Its Head of Environment and Innovation, Clare Buchanan, is one of the committee’s new members and co-hosted the tour.
When it comes to pasture, the cows in the regenerative system get to dine on a range of mixed and diverse species within one paddock, including chicory, plantain, clover, lucerne and ryecorn.
The animals graze the paddock to a much higher residual height than conventional grazing, to protect the soil and its root structure and reduce run-off to waterways.
Field trip benefits
Chief Executive of Align Farms, Rhys Roberts said, as well as offering the animals a more varied diet and boosting biodiversity – bringing back native bees, birds and bugs - regenerative agriculture lowers reliance upon conventional synthetic inputs like fertiliser.
“We’re proud to have a lower impact on our community and to be putting some more options out there in front of people in the industry. It’s all about finding a better balance – maintain a living but lowering our impact.”
Weekly data including supplements fed, milk production, and pasture growth, is uploaded on the farm’s website for all to view.
“We’re happy to share what we’re learning as a working farm transitioning to more regenerative practices – and we are definitely still learning in this area. We’ve had 20 years of conventional farming experience and only about 20 minutes of regenerative farming!”
Clareview’s transition to regenerative farming started in the 2019-20 season and, after encouraging results, Align decided to conduct a trial and put 50% of the farm into regenerative pastures for comparison.
Simple measures pay off
Committee Chair, William Thomas, said initiatives like those at Clareview Align, highlighted simple measures, like the introduction of diverse pasture species and increasing the grazing round length, that could collectively make a big difference in the catchment if other farms got on board.
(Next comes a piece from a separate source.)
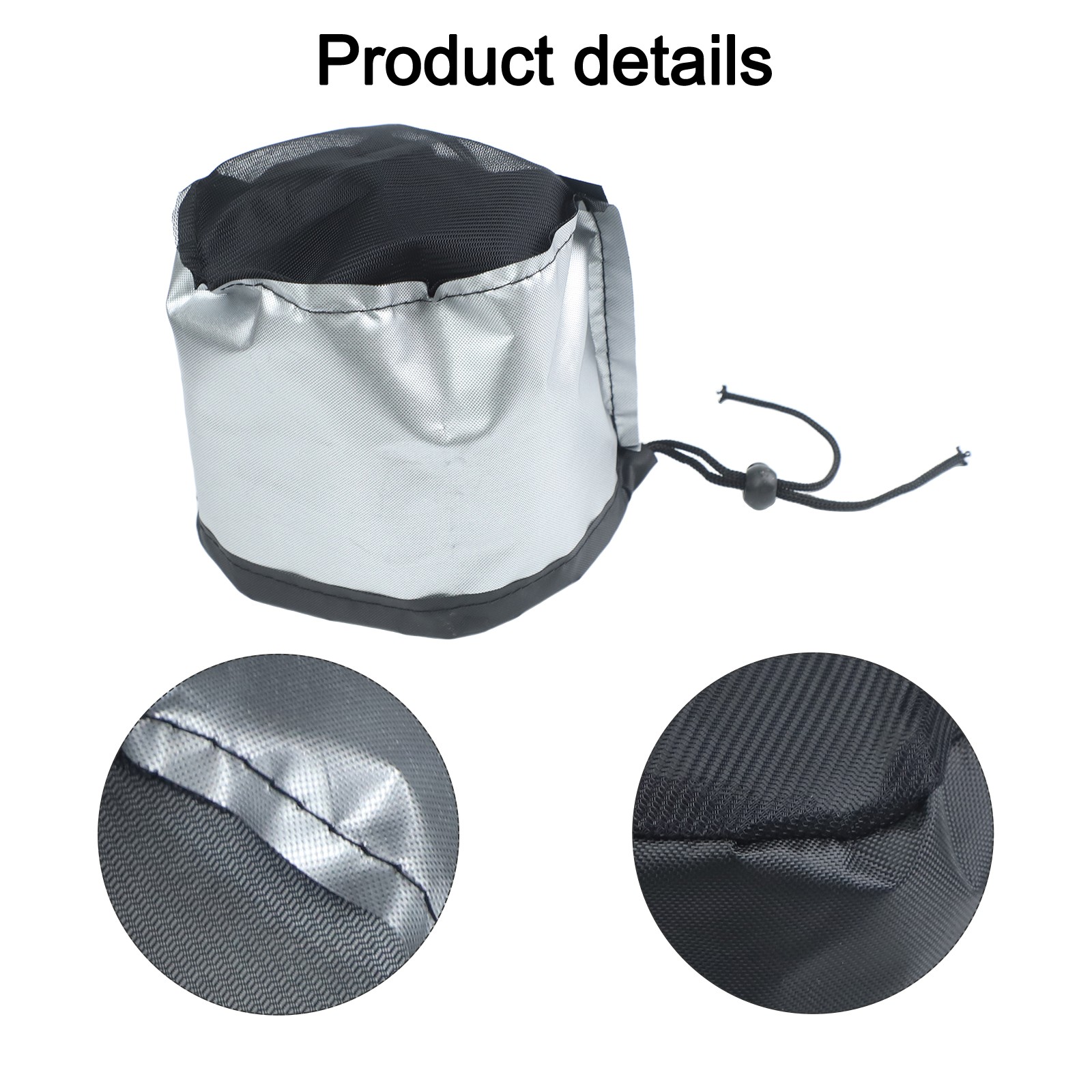 Elastico e Fibbia Copri Ventilazione Set di 2 per Giardinaggio Indoor - Foto 33 di 42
“It’s so valuable to see what can be achieved on a commercial farm, rather than within a more traditional scientific setting. Sharing their data, feedback and practices so openly with the farming community is just the attitude we need to get positive change happening.”
The trip to Align was part of a full day outing to explore the challenges and opportunities for better water quality in the Ashburton. A jam-packed itinerary, which focused on some of the key issues the Ashburton Water Zone will be acting on next year, gave the members more detailed technical information as well as valuable first-hand insights from people in the community.